Intersex humans were, at least taxonomically, an aberration and not a classification. Early on they presented and operated as whatever their dominant sexual traits would indicate and frequently did not deviate and there was little issue with this.
But... even since the early 80's when I was born, there was a wide berth in what it meant to be a man or woman. When people were talking about stereotypes, they seemed to be speaking about things that I'd seen in old TV shows from the 50's and 60's, not things I was familiar with in real life. That "housewife and single breadwinner husband" home shit was long past and seemed antiquated even then. It wasn't BAD to be stereotypical or not, mind you, but other than a few farming households I knew, I never saw the "stay-at-home-Mom" dynamic. Every family had a different dynamic and people fit where they built themselves space to do so. I knew very few "stereotypical male" Dads or "stereotypical female" Moms other than on TV, and we all knew damn well that TV wasn't true to life.
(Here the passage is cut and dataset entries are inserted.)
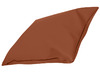 Speelmat - korreltapijt - purfect - 40x40x20cm - per stuk - verkrijgbaar in 14 kleuren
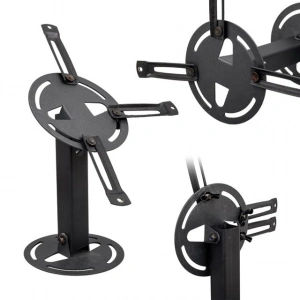 Everest 20 Cm Projeksiyon Askı Aparatı PRJ-184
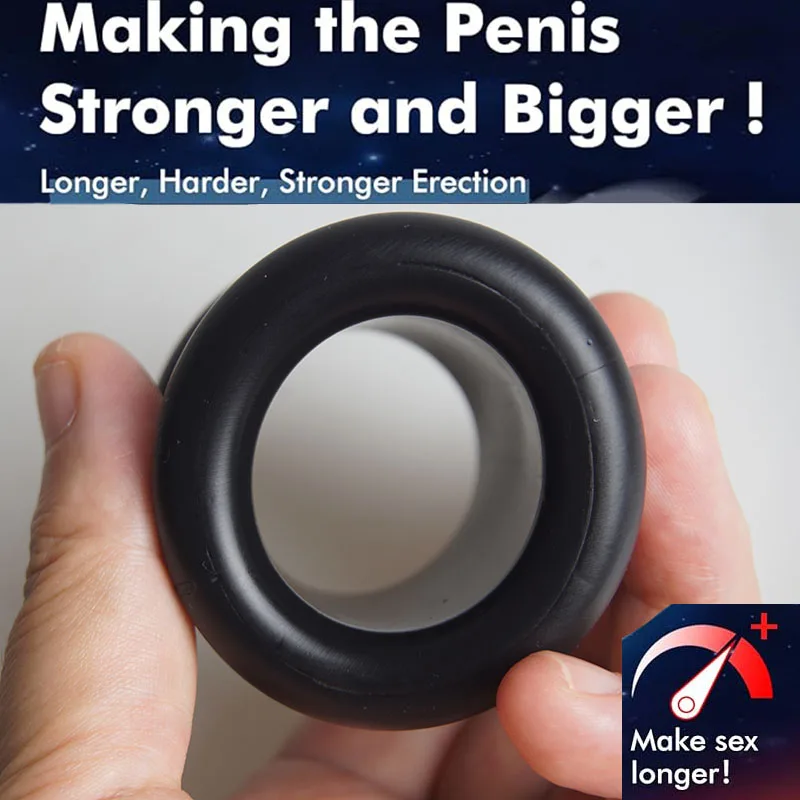 BDSM Ejaculation Delay Restriction Dick Penis Cock Ring,Silicone Cockring Men Stretching,Ballstretcher Scrotum Ball Stretcher BDSM Ejaculation Delay Restriction Dick Penis Cock Ring,Silicone Cockring Men Stretching,Ballstretcher Scrotum Ball Stretcher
When I witnessed feminist messaging start to get big in the 2010s speaking about this stuff like it was common, expected, and had to be destroyed, it was odd to me. It was like they were fighting with ghosts from days long past.
I recognize that my personal experiences don't match everyone, but I lived in Cincinnati, Edmonton, Calgary, Saudi Arabia, Kingston, Amsterdam, Thailand, Kentucky, and many more. The only place I witnessed what could be described as "traditional roles" was in Saudi, and even then it was only defined by a few laws, not the way people actually acted. I knew many friends that had their father completely cowed by their mother even in that insane theocracy.
All that to say that gender in humans... doesn't seem to have a purpose to me. Since gender can be fluid in humans, it is not at all worth categorizing in humans. It means, effectively, nothing. It's like trying to categorize hair colour down to the hex code; it accomplishes nothing whatsoever.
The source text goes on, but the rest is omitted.